— Raw data —
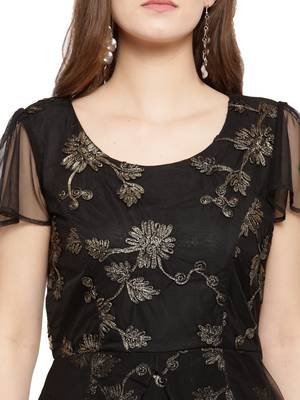 Black plain net maxi-dresses 4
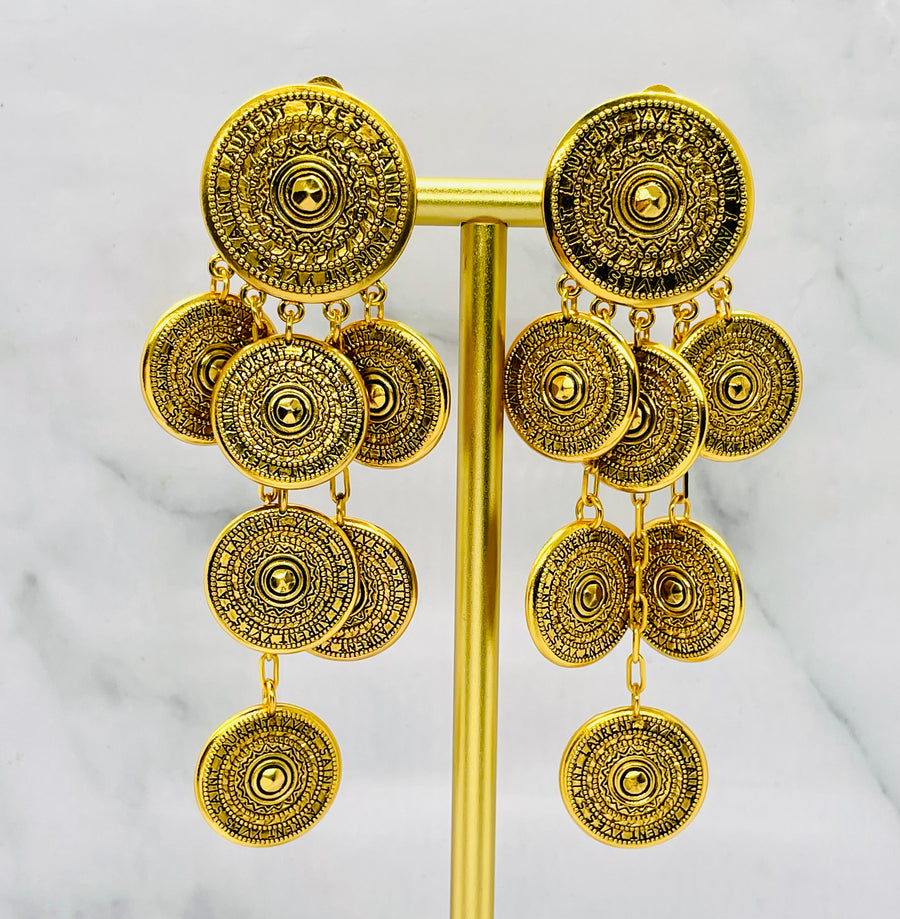 YSL YVES SAINT LAURENT Clip On Statement Earrings - Pre owned
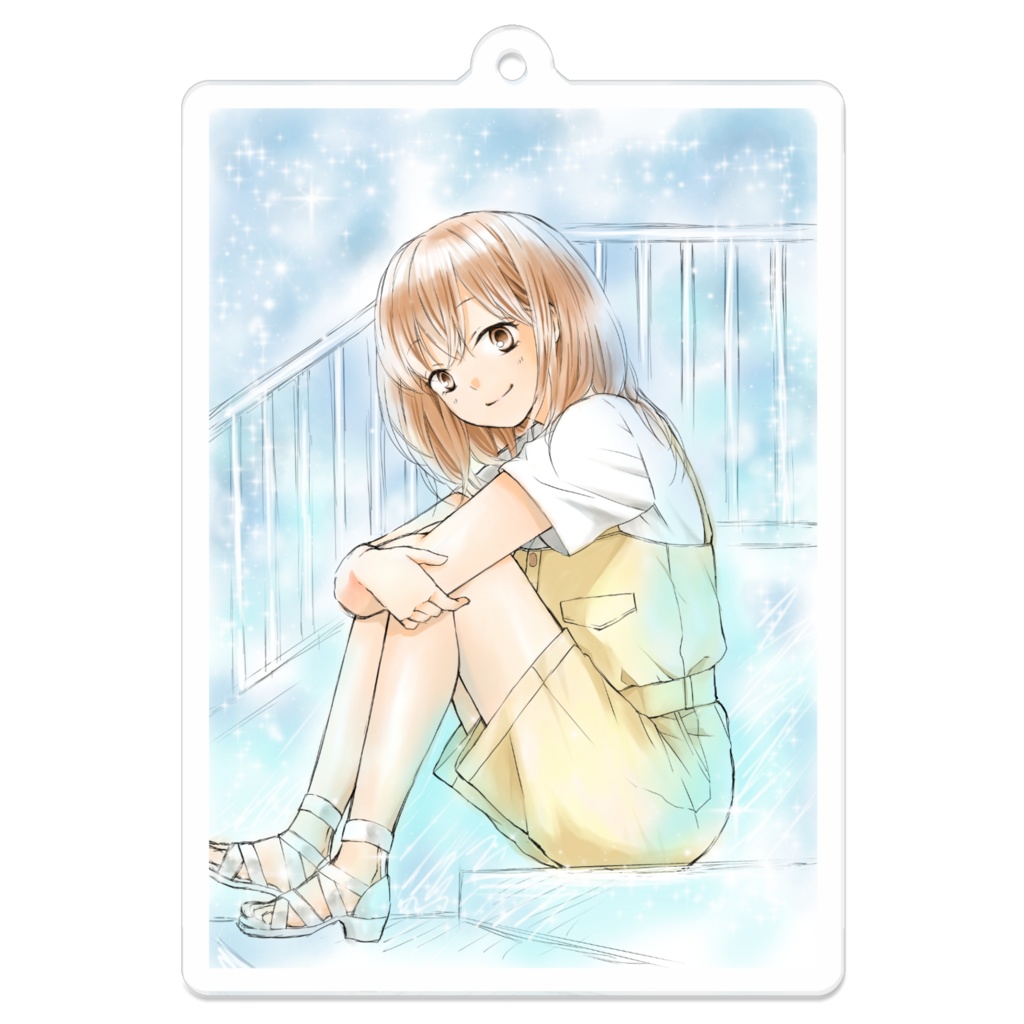 サロペットの女の子 イラスト アクリルキーホルダー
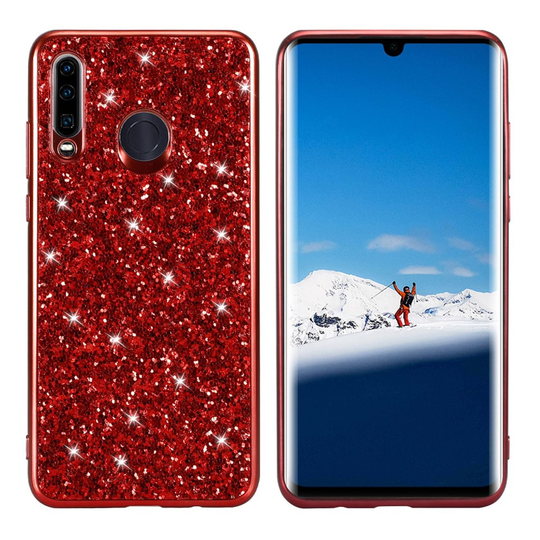 Glitter Huawei P30 Lite kuoret - Punainen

— What this task involves —
Your job is to reproduce the material exactly. Keep pictures out of it.

— Final answer —
 Black plain net maxi-dresses 4
 YSL YVES SAINT LAURENT Clip On Statement Earrings - Pre owned
 サロペットの女の子 イラスト アクリルキーホルダー
 Glitter Huawei P30 Lite kuoret - Punainen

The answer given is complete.